LATC Support Action - May 2011 - v0.2

NoSQL solutions for

Linked Data processing


Michael Hausenblas, DERI, NUI Galway

In this article I’m going to discuss a number of NoSQL systems with regard to their Linked Data processing capabilities. The goal is to give developers and system architects a quick overview and help them assess if and to what extent they can use a certain NoSQL system for storing, querying and exposing RDF data. I will not take dedicated RDF databases into account, as there are plenty of resources available comparing them.

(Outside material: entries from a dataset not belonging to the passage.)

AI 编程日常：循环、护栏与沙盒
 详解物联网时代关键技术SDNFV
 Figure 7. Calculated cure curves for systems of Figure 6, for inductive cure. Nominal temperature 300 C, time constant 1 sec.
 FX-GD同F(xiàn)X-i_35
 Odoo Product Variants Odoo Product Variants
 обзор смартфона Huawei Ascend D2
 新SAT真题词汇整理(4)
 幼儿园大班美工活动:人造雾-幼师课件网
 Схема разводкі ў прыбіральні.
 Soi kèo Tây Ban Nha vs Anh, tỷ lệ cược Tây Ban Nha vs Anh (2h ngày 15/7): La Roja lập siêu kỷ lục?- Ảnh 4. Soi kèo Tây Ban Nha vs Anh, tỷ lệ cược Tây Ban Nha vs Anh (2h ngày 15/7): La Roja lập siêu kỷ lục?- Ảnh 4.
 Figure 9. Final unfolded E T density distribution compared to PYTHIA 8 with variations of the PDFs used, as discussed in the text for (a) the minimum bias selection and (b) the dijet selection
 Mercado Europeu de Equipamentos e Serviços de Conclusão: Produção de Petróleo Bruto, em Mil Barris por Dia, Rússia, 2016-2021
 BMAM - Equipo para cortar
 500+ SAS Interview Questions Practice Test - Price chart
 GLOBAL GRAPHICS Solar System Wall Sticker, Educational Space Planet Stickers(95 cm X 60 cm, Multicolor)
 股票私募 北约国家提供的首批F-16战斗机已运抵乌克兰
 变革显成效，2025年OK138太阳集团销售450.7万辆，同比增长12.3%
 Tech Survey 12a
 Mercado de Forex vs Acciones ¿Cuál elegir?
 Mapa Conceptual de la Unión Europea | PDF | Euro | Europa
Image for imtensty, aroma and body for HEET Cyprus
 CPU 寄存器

As well out of scope are solutions based on relational databases, as this is the topic of another of my activities, the RDB2RDF mapping standardisation.

Table of Contents

Candidates

   BigQuery | Cassandra | CouchDB

   Hadoop | HBase | MongoDB

   Neo4j | SimpleDB |Riak | Others

Summary

Appendix

Setting the stage

A good starting point to dive into the topic is Arto Bendiken’s excellent write-up on ‘How RDF Databases Differ from Other NoSQL Solutions’ as well as Sandro Hawke’s ‘RDF meets NoSQL’. I’ll first briefly introduce the NoSQL systems, then describe RDF plug-ins or the like I’ve found for them and then conclude with some general observations.

Who should read this?

If you’re a developer or system architect who either already uses one of the NoSQL systems below or you think about using one of them, and you want to process RDF data or make your data available as Linked Data, then you should continue reading.

How were the NoSQL systems selected?

I’m not very strict regarding the NoSQL systems I consider here: both stuff you can download and run on your machines and cloud computing offerings are relevant, as long as someone has provided an RDF processing plug-in for it or has done an experiment with processing RDF on the system.

To a lesser extent, the observations exhibited here are based on my own experiments, the majority of the information presented in this article is based on work other people have done and is typically available via blog posts, academic publications or software documentations. All errors and omissions are mine.

Candidates

In the following I’ll quickly introduce each of the original NoSQL systems and then describe the Linked Data processing capabilities.

BigQuery

Summary

BigQuery is a web service that enables you to do interactive analysis of massively large datasets.

Provider

Google

Maturity

Available since 2010; in Google Code Labs status

Development

Java, Python, shell, curl

Type

cloud computing IaaS offering

Usage

Terms of Services, Quota

BigQuery is a cloud computing offering by Google, a rather new player in town. It is supposed to complement MapReduce jobs in terms of interactive query processing and was introduced together with Google Storage and the Google Prediction API in early 2010.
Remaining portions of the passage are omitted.